2015.10.27 update: C++11 has resolved the defect. iterator erase (const_iterator position); return an iterator to the element that follows the last element removed (or set::end, if the last element was removed). So C++11 style is:

for (auto it = numbers.begin(); it != numbers.end(); ) {
    if (*it % 2 == 0) {
        it = numbers.erase(it);
    }
    else {
        ++it;
    }
}

Solution 2

If you run your program through valgrind, you'll see a bunch of read errors. In other words, yes, the iterators are being invalidated, but you're getting lucky in your example (or really unlucky, as you're not seeing the negative effects of undefined behavior). One solution to this is to create a temporary iterator, increment the temp, delete the target iterator, then set the target to the temp. For example, re-write your loop as follows:

std::set<int>::iterator it = numbers.begin();                               
std::set<int>::iterator tmp;                                                

// iterate through the set and erase all even numbers                       
for ( ; it != numbers.end(); )                                              
{                                                                           
    int n = *it;                                                            
    if (n % 2 == 0)                                                         
    {                                                                       
        tmp = it;                                                           
        ++tmp;                                                              
        numbers.erase(it);                                                  
        it = tmp;                                                           
    }                                                                       
    else                                                                    
    {                                                                       
        ++it;                                                               
    }                                                                       
} 

Solution 3

You misunderstand what "undefined behavior" means. Undefined behavior does not mean "if you do this, your program will crash or produce unexpected results." It means "if you do this, your program could crash or produce unexpected results", or do anything else, depending on your compiler, your operating system, the phase of the moon, etc.

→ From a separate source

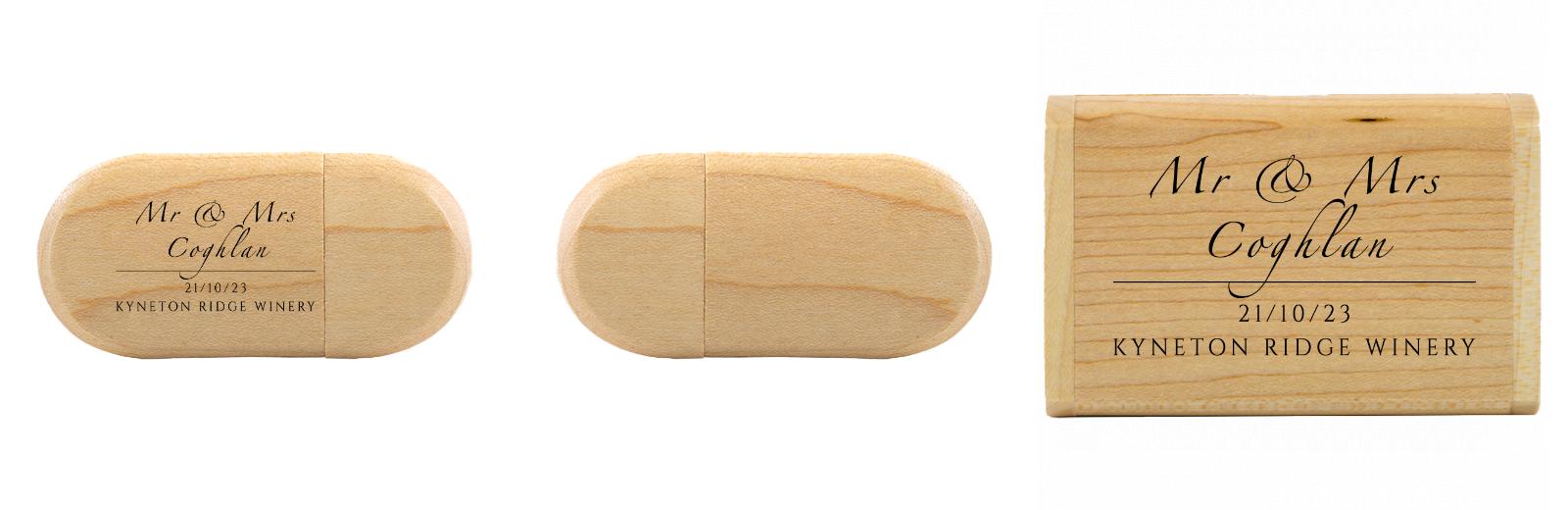 Oval USB with flip top box The Photographer's Toolbox PD Custom Product 48.00 The Photographer's Toolbox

If something executes without crashing and behaves as you expect it to, that is not proof that it is not undefined behavior. All it proves is that its behavior happened to be as observed for that particular run after compiling with that particular compiler on that particular operating system.

Erasing an element from a set invalidates the iterator to the erased element. Using an invalidated iterator is undefined behavior. It just so happened that the observed behavior was what you intended in this particular instance; it does not mean that the code is correct.

Solution 4

C++20 will have "uniform container erasure", and you'll be able to write:

std::erase_if(numbers, [](int n){ return n % 2 == 0 });

And that will work for vector, set, deque, etc. See cppReference for more info.

Solution 5

Just to warn, that in case of a deque container, all solutions that check for the deque iterator equality to numbers.end() will likely fail on gcc 4.8.4. Namely, erasing an element of the deque generally invalidates pointer to numbers.end():

#include <iostream>
#include <deque>

using namespace std;
int main() 
{

  deque<int> numbers;

  numbers.push_back(0);
  numbers.push_back(1);
  numbers.push_back(2);
  numbers.push_back(3);
  //numbers.push_back(4);

  deque<int>::iterator  it_end = numbers.end();

  for (deque<int>::iterator it = numbers.begin(); it != numbers.end(); ) {
    if (*it % 2 == 0) {
      cout << "Erasing element: " << *it << "\n";
      numbers.erase(it++);
      if (it_end == numbers.end()) {
    cout << "it_end is still pointing to numbers.end()\n";
      } else {
    cout << "it_end is not anymore pointing to numbers.end()\n";
      }
    }
    else {
      cout << "Skipping element: " << *it << "\n";
      ++it;
    }
  }
}

Output:

Erasing element: 0
it_end is still pointing to numbers.end()
Skipping element: 1
Erasing element: 2
it_end is not anymore pointing to numbers.end()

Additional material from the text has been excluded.